David Harris-Birtill, Uta Hinrichs, Aaron Quigley
Palimpsest: an Edinburgh Literary Cityscape aims at visualising a literary cityscape of a city, based on related literary texts. This project focuses on the city of Edinburgh but the plan is for the techniques, methods and tools to apply to other UNESCO World Cities of Literature or indeed any literary city. Palimpsest is available to an online community of remote visitors, those with an interest in the literature of Scotland and its constituent places who explore the city and its culture from a distance. Palimpsest arises out of the idea of creating an innovative way of engaging people with literature, and drawing on literature’s own dependence on, and engagement with, place and space.
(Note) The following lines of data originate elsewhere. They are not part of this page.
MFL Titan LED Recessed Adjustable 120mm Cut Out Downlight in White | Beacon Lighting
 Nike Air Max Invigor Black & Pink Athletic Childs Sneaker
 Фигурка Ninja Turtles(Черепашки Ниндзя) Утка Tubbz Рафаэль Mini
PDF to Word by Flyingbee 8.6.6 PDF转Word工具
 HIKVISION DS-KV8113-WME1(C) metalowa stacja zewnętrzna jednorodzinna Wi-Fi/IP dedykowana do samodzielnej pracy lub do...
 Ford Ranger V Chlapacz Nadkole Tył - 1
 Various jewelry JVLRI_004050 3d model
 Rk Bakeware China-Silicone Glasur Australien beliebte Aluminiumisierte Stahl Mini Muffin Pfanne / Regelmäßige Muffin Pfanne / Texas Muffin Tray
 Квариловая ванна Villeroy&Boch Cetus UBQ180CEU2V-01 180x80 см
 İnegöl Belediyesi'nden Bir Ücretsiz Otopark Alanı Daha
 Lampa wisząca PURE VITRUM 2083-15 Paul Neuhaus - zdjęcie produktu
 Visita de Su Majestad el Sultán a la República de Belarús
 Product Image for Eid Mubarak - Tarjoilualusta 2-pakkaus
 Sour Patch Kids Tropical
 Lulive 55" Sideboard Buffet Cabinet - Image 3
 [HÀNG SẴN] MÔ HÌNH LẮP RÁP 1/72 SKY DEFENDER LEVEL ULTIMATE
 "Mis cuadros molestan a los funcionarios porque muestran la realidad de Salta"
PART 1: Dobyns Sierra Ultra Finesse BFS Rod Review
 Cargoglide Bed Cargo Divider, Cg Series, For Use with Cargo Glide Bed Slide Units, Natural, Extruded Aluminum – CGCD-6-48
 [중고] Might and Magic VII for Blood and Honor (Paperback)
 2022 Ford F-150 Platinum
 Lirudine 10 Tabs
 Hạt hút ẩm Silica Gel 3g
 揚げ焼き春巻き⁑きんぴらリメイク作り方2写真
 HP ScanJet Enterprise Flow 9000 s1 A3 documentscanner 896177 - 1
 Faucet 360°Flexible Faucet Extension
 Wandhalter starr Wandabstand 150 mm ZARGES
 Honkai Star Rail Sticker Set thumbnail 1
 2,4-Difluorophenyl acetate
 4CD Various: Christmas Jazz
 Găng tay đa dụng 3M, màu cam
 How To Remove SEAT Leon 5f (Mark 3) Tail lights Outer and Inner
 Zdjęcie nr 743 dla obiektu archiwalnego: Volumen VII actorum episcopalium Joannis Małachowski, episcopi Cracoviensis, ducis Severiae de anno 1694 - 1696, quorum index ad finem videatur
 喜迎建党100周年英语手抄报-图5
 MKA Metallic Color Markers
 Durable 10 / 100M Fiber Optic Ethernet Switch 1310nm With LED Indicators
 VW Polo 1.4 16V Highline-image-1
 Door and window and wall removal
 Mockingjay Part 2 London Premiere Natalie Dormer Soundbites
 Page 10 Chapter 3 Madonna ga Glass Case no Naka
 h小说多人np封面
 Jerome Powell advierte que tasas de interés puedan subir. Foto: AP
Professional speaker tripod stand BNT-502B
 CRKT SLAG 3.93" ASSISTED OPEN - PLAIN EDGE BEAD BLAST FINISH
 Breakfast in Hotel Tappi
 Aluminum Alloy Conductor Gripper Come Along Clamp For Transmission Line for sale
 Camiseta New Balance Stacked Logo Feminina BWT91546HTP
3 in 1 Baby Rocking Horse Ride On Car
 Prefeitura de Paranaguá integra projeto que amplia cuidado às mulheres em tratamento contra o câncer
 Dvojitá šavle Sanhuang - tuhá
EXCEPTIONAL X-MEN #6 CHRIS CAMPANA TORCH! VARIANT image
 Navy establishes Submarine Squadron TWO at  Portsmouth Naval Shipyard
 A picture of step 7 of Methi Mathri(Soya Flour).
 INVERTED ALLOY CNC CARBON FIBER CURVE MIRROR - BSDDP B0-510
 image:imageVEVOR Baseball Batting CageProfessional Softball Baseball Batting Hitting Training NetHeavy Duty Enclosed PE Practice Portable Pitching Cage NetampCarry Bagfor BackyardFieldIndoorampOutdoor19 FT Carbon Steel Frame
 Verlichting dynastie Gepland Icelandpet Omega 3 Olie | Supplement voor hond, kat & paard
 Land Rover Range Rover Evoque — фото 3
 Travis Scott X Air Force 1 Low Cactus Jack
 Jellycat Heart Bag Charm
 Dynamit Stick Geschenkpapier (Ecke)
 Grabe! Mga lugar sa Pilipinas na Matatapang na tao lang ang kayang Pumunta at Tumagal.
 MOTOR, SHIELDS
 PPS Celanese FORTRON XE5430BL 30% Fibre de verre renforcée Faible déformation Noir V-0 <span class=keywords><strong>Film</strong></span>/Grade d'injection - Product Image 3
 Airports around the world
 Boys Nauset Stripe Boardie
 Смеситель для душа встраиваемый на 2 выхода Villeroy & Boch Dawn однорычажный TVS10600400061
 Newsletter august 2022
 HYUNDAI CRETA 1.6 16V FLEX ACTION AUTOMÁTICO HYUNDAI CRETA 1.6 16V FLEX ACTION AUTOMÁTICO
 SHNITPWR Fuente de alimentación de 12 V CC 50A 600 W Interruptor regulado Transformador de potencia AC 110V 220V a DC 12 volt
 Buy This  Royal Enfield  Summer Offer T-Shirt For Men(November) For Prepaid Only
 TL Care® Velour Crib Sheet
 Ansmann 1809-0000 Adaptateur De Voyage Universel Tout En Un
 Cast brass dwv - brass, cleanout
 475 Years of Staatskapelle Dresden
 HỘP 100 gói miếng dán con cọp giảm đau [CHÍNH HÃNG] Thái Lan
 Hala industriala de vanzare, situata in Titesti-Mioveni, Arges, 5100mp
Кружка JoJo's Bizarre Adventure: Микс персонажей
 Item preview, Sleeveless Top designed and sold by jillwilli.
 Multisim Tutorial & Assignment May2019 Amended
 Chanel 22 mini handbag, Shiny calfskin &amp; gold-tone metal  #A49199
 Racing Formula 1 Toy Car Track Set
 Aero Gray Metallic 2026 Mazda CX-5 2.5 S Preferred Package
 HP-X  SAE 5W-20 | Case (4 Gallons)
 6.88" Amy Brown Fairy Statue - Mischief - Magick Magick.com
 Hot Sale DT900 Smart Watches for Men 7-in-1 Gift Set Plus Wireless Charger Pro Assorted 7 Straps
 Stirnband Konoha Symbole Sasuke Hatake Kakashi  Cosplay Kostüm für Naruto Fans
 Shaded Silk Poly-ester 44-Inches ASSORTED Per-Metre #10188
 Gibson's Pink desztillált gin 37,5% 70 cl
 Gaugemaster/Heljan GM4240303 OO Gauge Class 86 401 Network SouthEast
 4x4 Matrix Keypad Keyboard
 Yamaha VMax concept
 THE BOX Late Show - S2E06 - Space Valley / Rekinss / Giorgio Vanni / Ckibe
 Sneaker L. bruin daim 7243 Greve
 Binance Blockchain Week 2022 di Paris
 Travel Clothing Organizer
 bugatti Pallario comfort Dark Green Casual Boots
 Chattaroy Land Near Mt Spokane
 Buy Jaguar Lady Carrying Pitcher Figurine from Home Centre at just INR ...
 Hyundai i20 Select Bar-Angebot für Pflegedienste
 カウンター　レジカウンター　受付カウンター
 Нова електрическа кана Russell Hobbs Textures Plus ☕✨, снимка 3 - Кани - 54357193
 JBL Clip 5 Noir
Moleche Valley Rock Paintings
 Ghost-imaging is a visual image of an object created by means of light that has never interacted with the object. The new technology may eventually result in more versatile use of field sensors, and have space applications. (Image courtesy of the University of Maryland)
Exploration of the relation between urban places and literature first arose in sociology in the mid 19th century.
Along with colleagues in the Department of English & Scottish Literature and the School of Informatics in the University of Edinburgh Aaron Quigley and Uta Hinrichs were awarded a Digital Transformations in the Arts and Humanities project grant. Of the overall funding, Universities and Science Minister David Willetts said: “Getting quality data out of the hands of a few and into the public domain is an important goal for this Government. This funding will help to overcome the challenge of making vast amounts of rich data more accessible and easier to interpret by the public. These 21 projects promise to come up with innovative long-lasting solutions.”
The Palimpsest project resulted in Lit Long: Edinburgh which features a range of maps and accessible visualisations, which enable users to interact with Edinburgh’s literature in a variety of ways, exploring the spatial relations of the literary city at particular times in its history, in the works of particular authors, or across different eras, genres and writers. Lit Long: Edinburgh makes a major contribution to our knowledge of the Edinburgh literary cityscape, with potential to shape the experience and understanding of critics and editors, residents and visitors, readers and writers.
SACHI’s Dr Uta Hinrichs created the web visualisation and Dr David Harris-Birtill created the mobile app. Professor Aaron Quigley was the University of St Andrews leader and co-investigator on the Palimpsest project.